(Data supplied)

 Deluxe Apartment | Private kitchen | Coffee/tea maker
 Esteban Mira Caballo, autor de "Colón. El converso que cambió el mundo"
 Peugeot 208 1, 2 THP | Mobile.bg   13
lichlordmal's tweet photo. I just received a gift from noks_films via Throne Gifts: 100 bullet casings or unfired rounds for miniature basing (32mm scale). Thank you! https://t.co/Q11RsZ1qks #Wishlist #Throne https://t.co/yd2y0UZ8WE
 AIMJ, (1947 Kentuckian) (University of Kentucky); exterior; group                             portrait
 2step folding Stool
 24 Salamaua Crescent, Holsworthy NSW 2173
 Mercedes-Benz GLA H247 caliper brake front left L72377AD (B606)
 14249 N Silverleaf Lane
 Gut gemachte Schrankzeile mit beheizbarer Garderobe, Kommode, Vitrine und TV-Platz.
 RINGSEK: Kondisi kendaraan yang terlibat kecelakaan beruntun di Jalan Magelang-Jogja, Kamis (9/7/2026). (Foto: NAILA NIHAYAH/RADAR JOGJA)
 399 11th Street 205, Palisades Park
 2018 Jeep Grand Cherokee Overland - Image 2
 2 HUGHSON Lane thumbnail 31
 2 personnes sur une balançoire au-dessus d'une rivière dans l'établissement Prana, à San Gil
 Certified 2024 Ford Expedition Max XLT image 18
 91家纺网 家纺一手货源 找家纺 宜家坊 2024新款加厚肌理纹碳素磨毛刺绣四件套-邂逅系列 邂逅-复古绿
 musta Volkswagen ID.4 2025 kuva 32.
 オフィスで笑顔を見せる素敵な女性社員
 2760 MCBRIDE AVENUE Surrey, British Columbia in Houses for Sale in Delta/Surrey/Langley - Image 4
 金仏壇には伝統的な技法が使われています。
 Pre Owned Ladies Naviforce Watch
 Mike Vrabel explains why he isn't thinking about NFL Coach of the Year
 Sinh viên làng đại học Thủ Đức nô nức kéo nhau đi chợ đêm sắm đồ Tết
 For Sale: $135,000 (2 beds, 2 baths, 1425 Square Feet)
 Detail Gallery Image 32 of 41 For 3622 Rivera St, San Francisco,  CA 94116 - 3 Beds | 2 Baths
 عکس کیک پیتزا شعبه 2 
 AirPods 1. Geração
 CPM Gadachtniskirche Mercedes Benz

(End Data supplied)

Task statement: Nothing outside the span should appear: transcribe the lines from the one containing "Pre Owned Ladies Naviforce Watch" through the last line of the records.

Completed exercise:
 Pre Owned Ladies Naviforce Watch
 Mike Vrabel explains why he isn't thinking about NFL Coach of the Year
 Sinh viên làng đại học Thủ Đức nô nức kéo nhau đi chợ đêm sắm đồ Tết
 For Sale: $135,000 (2 beds, 2 baths, 1425 Square Feet)
 Detail Gallery Image 32 of 41 For 3622 Rivera St, San Francisco,  CA 94116 - 3 Beds | 2 Baths
 عکس کیک پیتزا شعبه 2 
 AirPods 1. Geração
 CPM Gadachtniskirche Mercedes Benz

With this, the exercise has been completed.